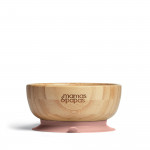 Mamas&Papas Παιδικό Σετ Φαγητού Bamboo 1st stage 4τεμ Melba 25180070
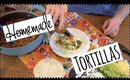 Delicious TACO RECIPE! + Homemade Tortillas! GLUTEN-FREE! Ground Turkey Tacos!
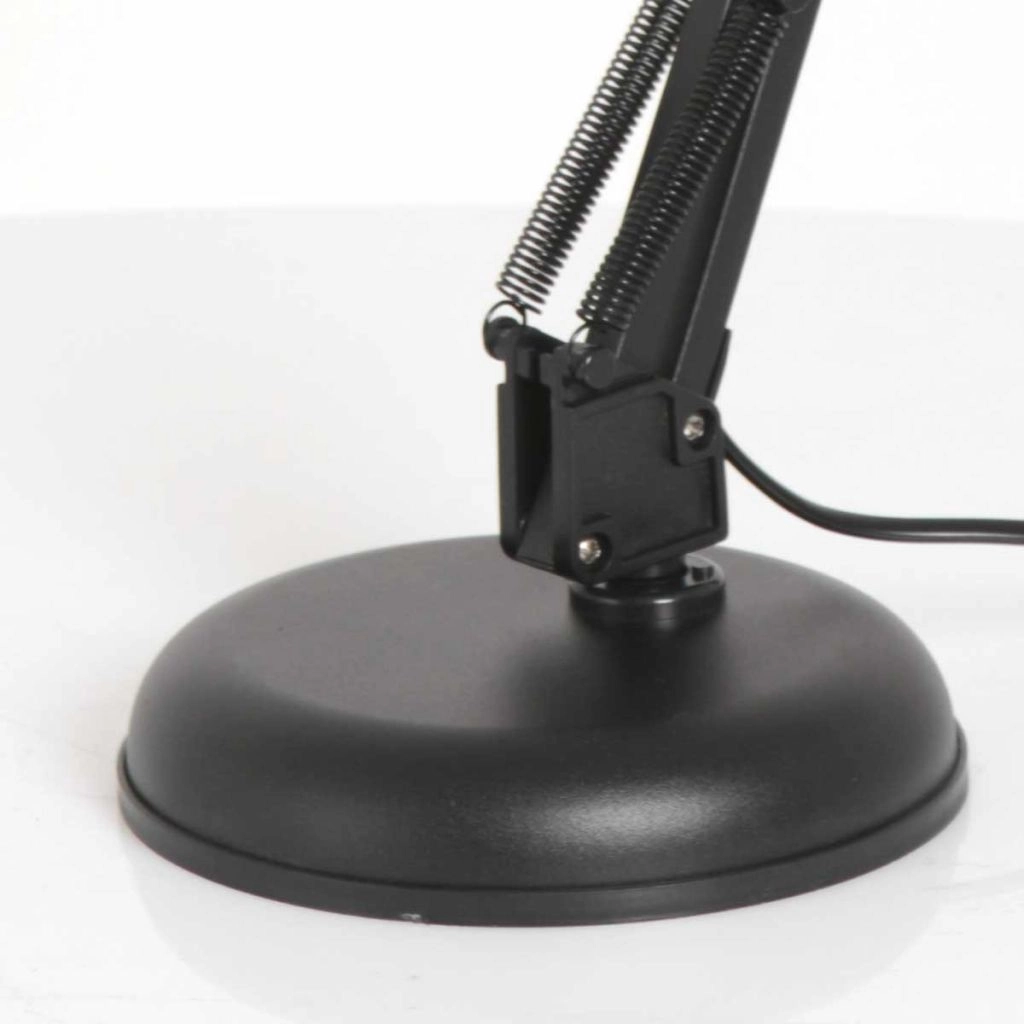 Desk lamp Study Black Steinhauer 8712746165388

> Task details
Word for word, restate all of the material, omitting the images.

> Written answer
 Mamas&Papas Παιδικό Σετ Φαγητού Bamboo 1st stage 4τεμ Melba 25180070
 Delicious TACO RECIPE! + Homemade Tortillas! GLUTEN-FREE! Ground Turkey Tacos!
 Desk lamp Study Black Steinhauer 8712746165388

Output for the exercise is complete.